Gains have been very limited since the start of the year 2018. The Sensex, which closed Jan 1, 2018 at 34,059 points, is now near 35,960 points, which is barely a gain of 5 per cent.
Not every investor can predict what is in store for 2019. What is certain though is that it is likely to be a year of immense volatility. You may have to think a lot differently to make money. Here are a few stocks that have been hammered down and maybe good contrarian bets.
The shares of Yes Bank have slumped from a 52-week high of Rs 400 to Rs 180. There are leadership challenges at Yes Bank and also some disclosure issues with regards to NPAs. However, for this the stock has been hammered down and adequately punished.

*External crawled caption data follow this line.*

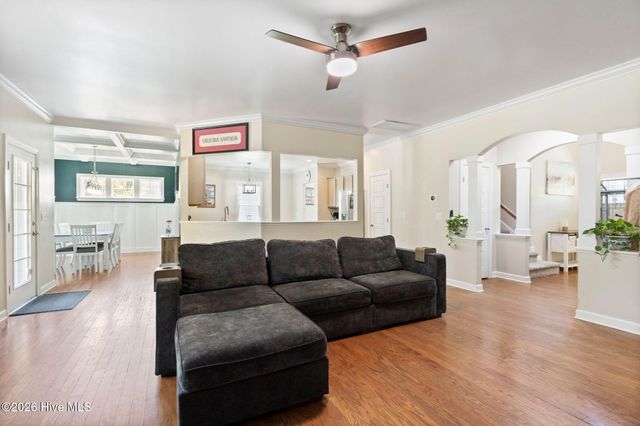 147 Snow Goose Lane, Sneads Ferry, NC 28460
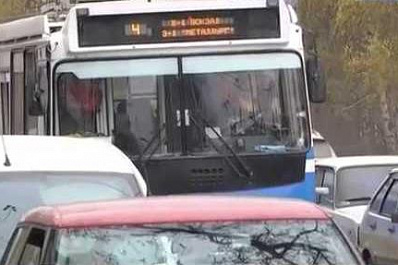 Бескондукторную систему оплаты проезда в Самаре протестируют на двух маршрутах - трамвайном и троллейбусном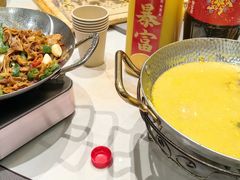 -金陵后厨·南京菜(新街口秣陵路店)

If you are looking at a contrarian bet, then Yes Bank maybe a little risky bet in the short term, but, could yield returns in the more longer term. This is the fourth largest private sector bank, whose asset quality remains stable. The bank has seen a solid robust growth in the last 10 years and is likely to maintain the momentum.
For the quarter ending Sept 30, 2018, the advances showed a robust growth of 61 per cent. The Net Interest Income at the bank saw a 28 per cent growth, year on year. The shares are available at a p/e of just 10 times, one year forward earnings.
In fact, there is a high possibility that the bank could report an EPS of Rs 28-31 by 2021. Hence, if you are willing to hold the shares for a period of 2-3 years, the stock is available very cheap. In fact, at the current price, the trailing price to book based on 2019 B/V is just 1.5 times. That could be one of the best stocks to buy for 2019.
REC is a government owned company, that is engaged in financing power projects. The stock has been hit, following reports that the government's stake in REC, would be purchased by PFC. However, that happened to HPCL as well, where ONGC purchased the government's stake in the company.
Actually, in the present context, it would make more of a difference to PFC, which has to cough-up cash, rather then REC.
REC can be good stock for steady dividends. In fact, in calendar year 2018, the company declared a dividend of 9.15 per share, which on the present price of Rs 104, takes the dividend yield to 8.8 per cent per annum. REC's financial performance has also been good this time, which will ensure a more enhanced dividend. This protects the stock against any huge downside risk.
The shares of the company are also available at a p/e of just 8 times one year forward earnings, making it very inexpensive. The shares have dropped from levels of Rs 160 to the current levels, which makes it attractive for buyers looking at long term gains.
Again, a good stock to buy for 2019.